My seven year old is allowed to scoot part of the way home by herself. There are two different ways home, she takes the short cut, I go the normal way, we get home seconds apart, so not really a short cut, but she thinks it is. This gives her a bit of independence and shows her I trust her to cross the road(a small cul de sac) by herself.
My dc is the same age as your friends dc. Why would I make my dc who is capable of going out by herself on her scooter stay by me just because your dc can't be trusted to behave/stop in the appropriate places/be cAreful of others?
I walk part of the way home with other parents and we generally let three of the older ones scoot in front but the younger children stay with us. The younger ones just accept they have to stay with us and walk/scoot nicely, their time will come when they are allowed to scoot off, just as your sons time will come to be able to scoot off with the older ones.

And please don't try to tell other parents how to bring up their children, it generally don't go down to well.

rideyourbike · 01/04/2014 21:32

So how do people feel about 5 and 6 year olds riding bikes on the pavement? No one is carrying those around!

drivenfromdistraction · 01/04/2014 21:40

I don't think 5 and 6 year olds should ride bikes on the pavement either actually. (And I have a 4yo and a 6yo). My kids are only allowed to scoot at walking pace (next to me) on the pavement. They are annoyed by it sometimes, but that's tough.
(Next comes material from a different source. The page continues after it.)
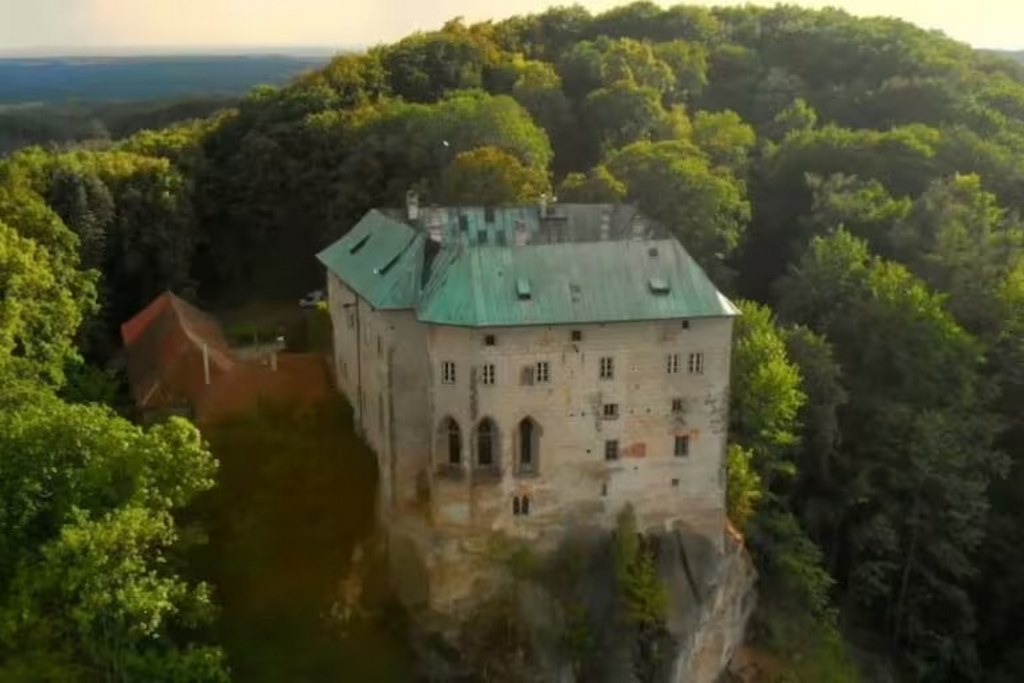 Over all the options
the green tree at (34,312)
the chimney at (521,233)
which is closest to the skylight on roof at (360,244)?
the chimney at (521,233)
They can scoot faster in appropriate places - a pavement isn't.

No need for carrying the scooter - just pootle along at walking pace, that's all.

madeitagain · 01/04/2014 21:44

There is no way I would tell other people how to bring up their children Lucylouby. When I said I said something to the other mothers I didn't say I told them how to bring up their children.

OP posts:
rideyourbike · 01/04/2014 22:03

Maybe it depends on where you live. Our pavements are really quiet and all terraced houses, so no driveways. I'm a bit confused as to where kids are meant to ride scooters and bikes. They certainly can't ride on the road yet, we all have our own rules for our children. Funny how people get so uptight about other peoples rules!